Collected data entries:
↓↓↓

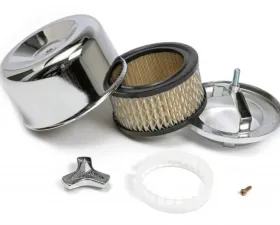 Trans-Dapt Performance 3-DUECE Style Air Cleaner; 4-5/8 in. Dia.; 2-1/16 in. or 2-5/8 in. Neck-CHROME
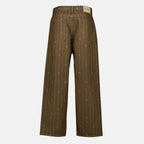 Pantalons Jeans Baggy Monogram Marrón Drole De Monsieur Marron Homme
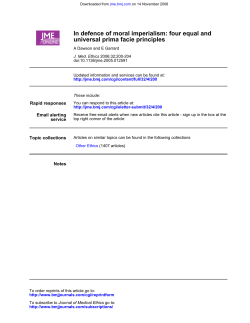 universal prima facie principles In defence of moral imperialism: four
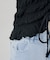 【continuer】ドロストクシュクシュカットトップス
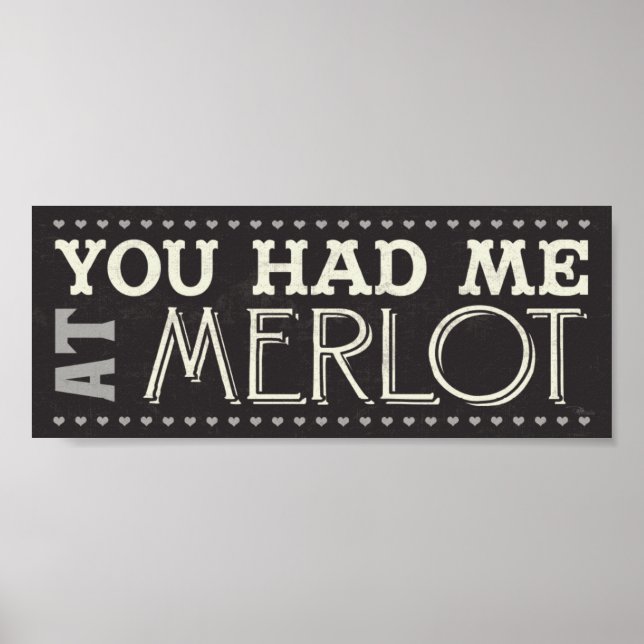 Du hattest mich in Merlot Poster (Vorne)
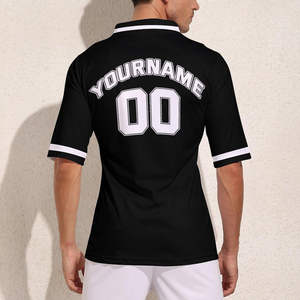 Camiseta de Rugby 100% Poliéster, Uniforme de Rugby con Logotipo y Número del Equipo Personalizados, Uniforme de la Liga de Fútbol, Ropa Deportiva - Product Image 2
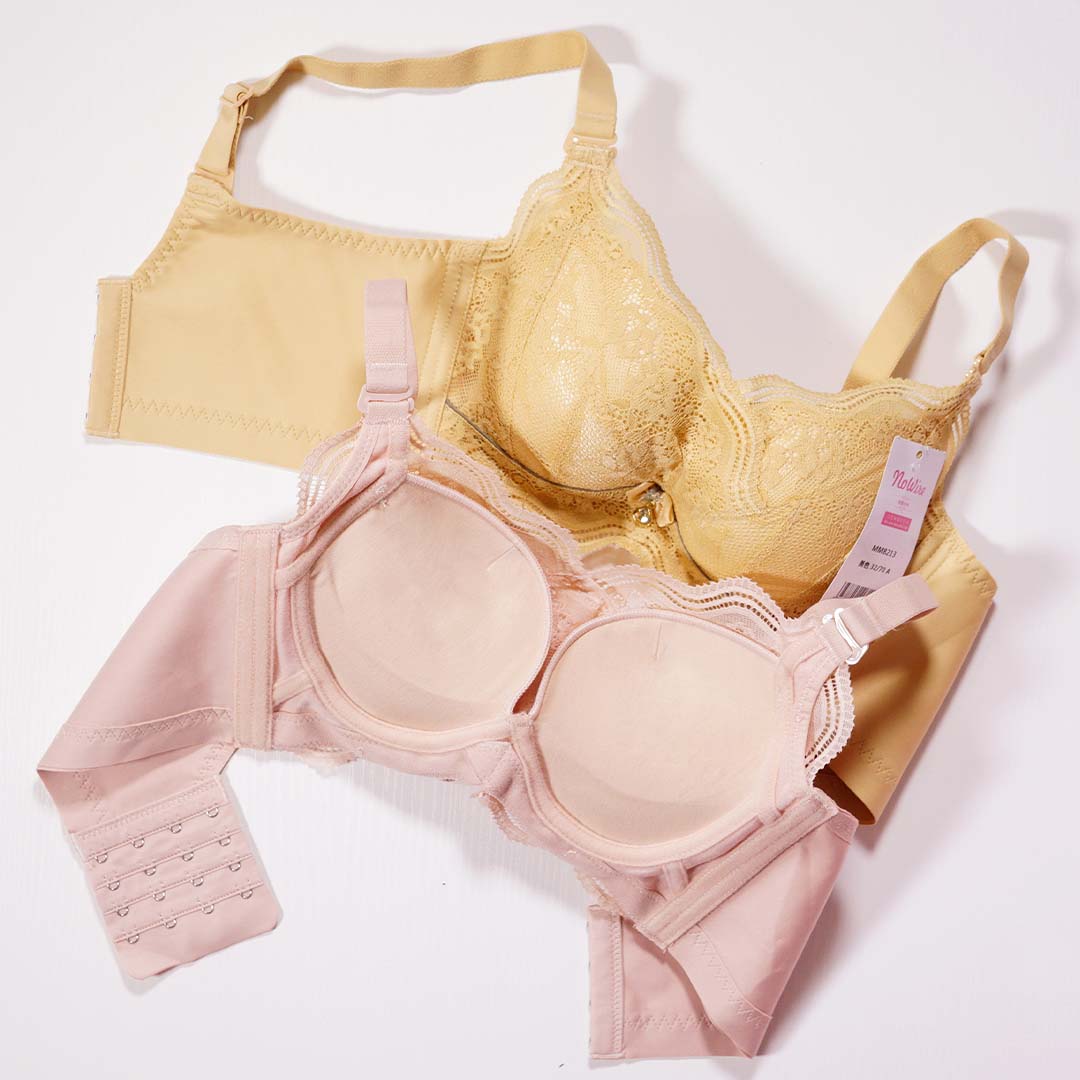 舒適莫代爾嬰肌棉無鋼圈小胸聚攏加厚調整型內衣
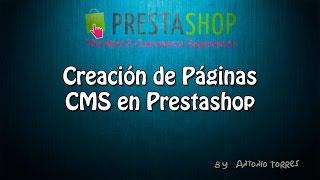 Curso Prestashop 1.6 #20 Crear CMS en Prestashop 1.6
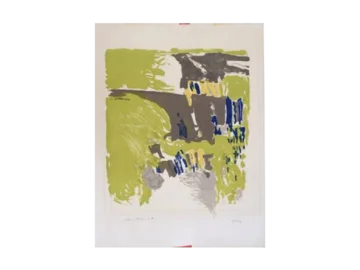 Litografia na papierze Van Gelder Zonen, Jörgen Fogelqvist, lata 80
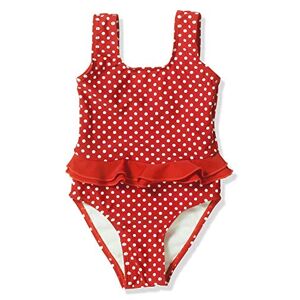 Playshoes Girls' UV Protection Swimsuit, Swimwear, dots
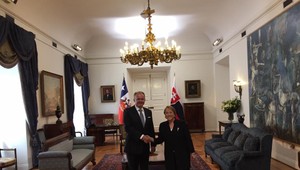 Kiska v Čile: Slovensko má problém s prístupom mladých k podnikaniu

↑↑↑

Exercise directions
The answer must be the lines above from the one containing "舒適莫代爾嬰肌棉無鋼圈小胸聚攏加厚調整型內衣" through the one containing "Playshoes Girls' UV", reproduced exactly, with no pictures and nothing else.

Output for this exercise
 舒適莫代爾嬰肌棉無鋼圈小胸聚攏加厚調整型內衣
 Curso Prestashop 1.6 #20 Crear CMS en Prestashop 1.6
 Litografia na papierze Van Gelder Zonen, Jörgen Fogelqvist, lata 80
 Playshoes Girls' UV Protection Swimsuit, Swimwear, dots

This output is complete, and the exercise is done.